*Prompt:*
Could the listing below be returned exactly, with its pictures left out?

[[ Source data open ]]

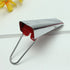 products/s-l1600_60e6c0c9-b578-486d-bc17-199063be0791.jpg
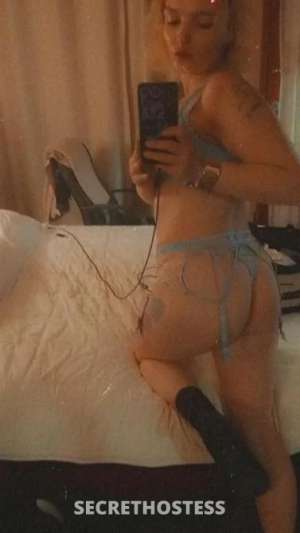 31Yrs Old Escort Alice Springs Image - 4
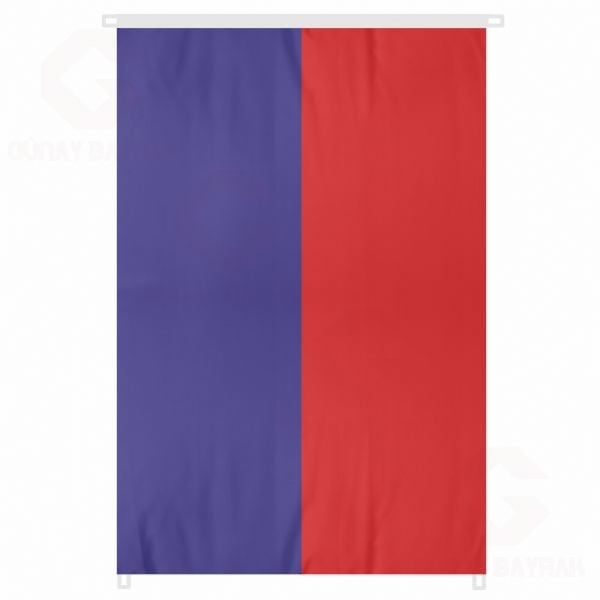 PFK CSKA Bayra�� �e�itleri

[[ Source data closed ]]

*Your solution:*
 products/s-l1600_60e6c0c9-b578-486d-bc17-199063be0791.jpg
 31Yrs Old Escort Alice Springs Image - 4
 PFK CSKA Bayra�� �e�itleri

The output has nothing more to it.